Table 6 demonstrates the weights and ranks of usability parameters. The usability parameter “Efficiency” measured value is (0.369, 36.9%), which indicates its significance and importance in terms of evaluation of usability of health apps. “Comprehensibility” is found as the second most important usability parameter and its measured value is (0.326, 32.6%). Similarly, ‘Satisfaction’ is ranked in the third position and its measured value is (0.165, 16.5%) whereas ‘Effectiveness’ is placed in the fourth position and measured at (0.140, 14%) and ranked number 4. Table 7 shows that ‘productivity’ is the most important usability sub-parameter of the “Efficiency” parameter with the highest weight which is (0.389, 38.9%) while ‘performance’ is found relatively least important sub-parameter, it’s a weight value is (0.136, 13.6%). Table 8 shows that ‘learnability’ is the most important usability sub-parameter of “Comprehensibility” with the highest weight value which is (0.178, 17.8%) while the ‘appropriateness’ and ‘response time’ are found to be relatively least important sub-parameters and their weight value is (0.127, 12.7%). Similarly, Table 9 shows that ‘security’ is the most important usability sub-parameter of the “Satisfaction” parameter with the highest weight that is (0.178, 17.8%) whereas ‘trustfulness’ is found relatively least important sub-parameter and its weight is (0.098, 9.8%).
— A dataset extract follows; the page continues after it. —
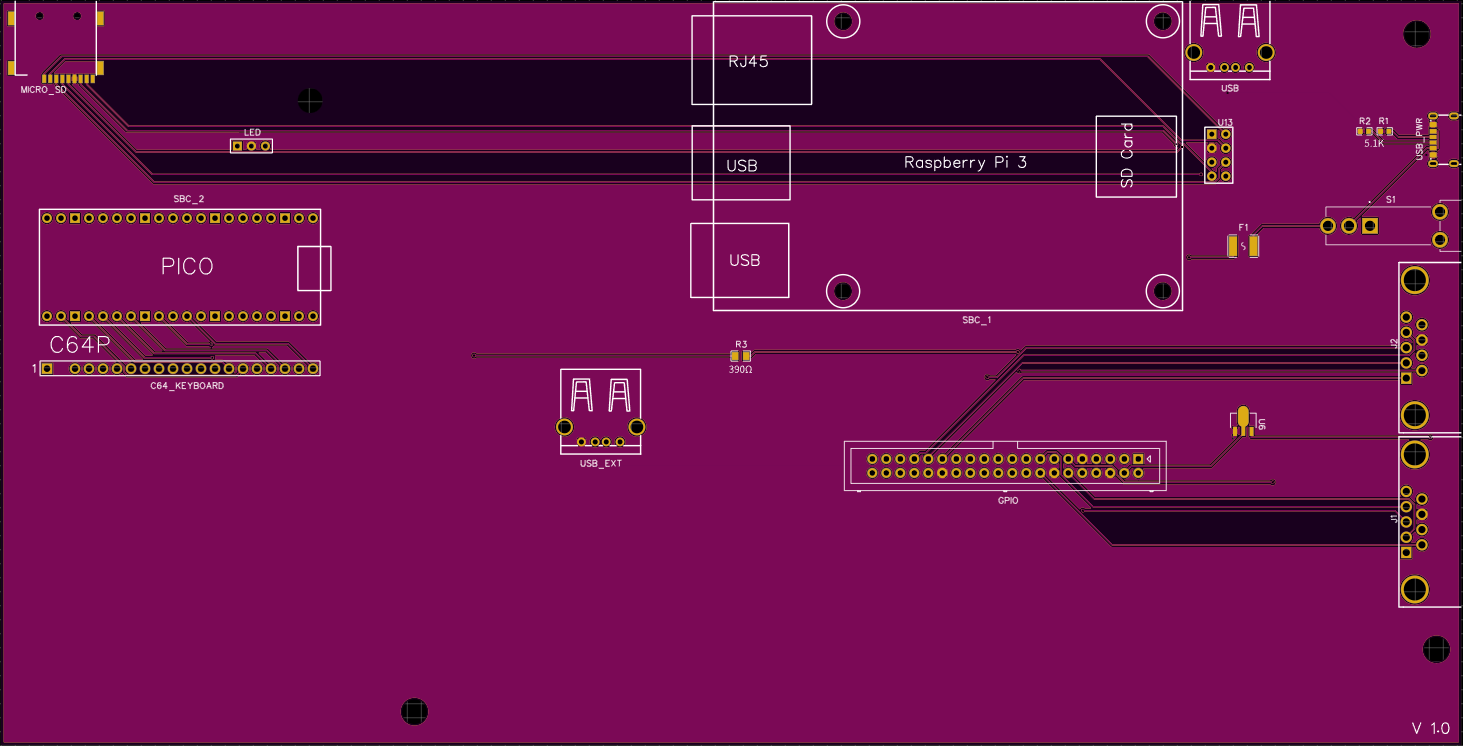 BMC PCB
Table 10 shows that ‘simplicity’ is the most important usability sub-parameter of the “Effectiveness” parameter with the highest weight that is (0.165, 16.5%) while ‘operability’ is found relatively least important sub-parameter and its weight is (0.097, 9.7%). Table 11 delineates the overall weights and rankings of four usability parameters and their corresponding sub-parameters. It presents the global weights and rankings of the parameters and sub-parameters, along with their local weights and rankings. Global ranking indicates the overall significance of all parameters whereas local ranking refers to importance solely within the parent parameter.
Proposed usability evaluation framework
The proposed framework (Fig. 3) consists of four major usability parameters (efficiency, comprehensibility, satisfaction, effectiveness) weighted using the AHP. In the AHP, experts performing pairwise comparisons on each parameter, and translated this judgment into numerical priorities (weights). The obtained weights were normalized to sum up to 1.0, meaning that the weight of about 0.369 for efficiency implies that it accounts for 36.9% of the total importance in the usability score. In other words, it means that efficiency is considered to be the most critical factor (0.369, 36.9%), next comes comprehensibility (0.326, 32.6%), then satisfaction (0.165, 16.5%), and lastly effectiveness (0.140, 14%). Each weight indicates the degree of influence that parameter has on the general usability evaluation; for instance, almost 37% of the score comes from efficiency. This was derived directly from judgments by the experts participating in the analysis via AHP.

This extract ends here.